Ranveer Singh’s Simmba is an all-out typical masala film and it does not shy away from being called that. It is packed with exaggerated fight sequences, slow-motion action scenes and randomly breaks into a song without an explanation. Simmba does everything to appeal to the masses. It tries to replicate the same template that made Singham such a massive success but where it misses the mark is crisp writing and engaging screenplay.
Simmba is very different from Singham. Ranveer Singh’s character, Sanghram Bhallerao aka Simmba, is a flawed one with twisted morals and a lust to earn money. He is often seen conning the common man and working closely with the goon of the area. Him turning a blind eye to the crimes in the state cost the life of a dear one and that’s what brings about his transformation. The story is so predictable that one can literally see Simmba’s redemption coming almost 20 minutes before it happens on screen. And when that happens the movie turns around on its head. It loses the light tone and adopts a more dark and a serious one.
But despite all its flaws, Simmba is roaring at the box-office, making huge numbers. And that’s majorly to do with the overly masculine portrayal of Ranveer Singh’s Simmba that everyone seems to be loving. The hypermasculinity is getting the admiration but it’s troubling to see that even in 2019 people feel that that is something to be proud of. The female characters in the film are reduced to mere eye candy or a mother or sister figure and one’s really left to think if Sara Ali Khan was even needed in the film? Her role, she does perfectly but it seems like her scenes were written during the shooting itself. Other than delivering loosely written dialogues and popping up for picturesque song sequences, she has absolutely nothing to do! A film that is desperately trying to cater to women-centric issues certainly misses the mark with involving them a bit more.

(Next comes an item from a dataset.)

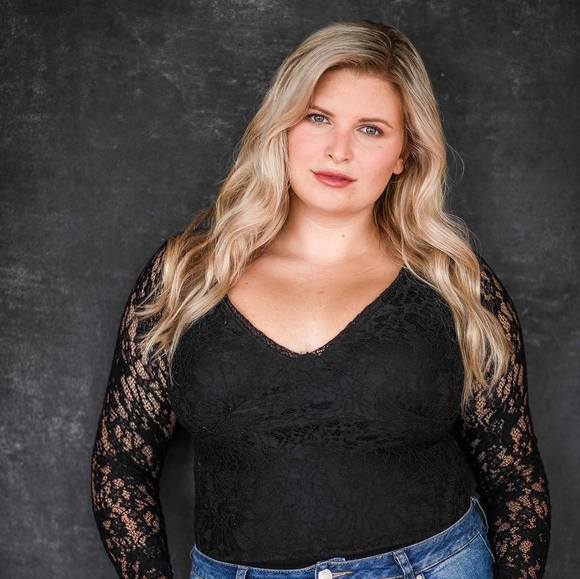 Profile Picture of Kourtney Maddern (@kmaddern) on Poshmark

And that’s the thing, the whole template feels very predictable and redundant. A refreshed version of a typical 80’s film. The hero shows his recklessness, faces a life-changing situation and then kicks the ass of the goons. Is that what the Indian audiences still like to see? I am left wondering. On one hand, 2018 proved to be the year of content-driven films and on the other, it had cliched films like Simmba getting massive success. It could be due to Ranveer Singh’s compelling performance but I think it is mostly because of chauvinistic mindsets of the audiences.
The one weirdly interesting thing to watch out for is how Rohit Shetty is planning on creating an MCU style extended universe of vigilante cops. Nobody saw that one coming!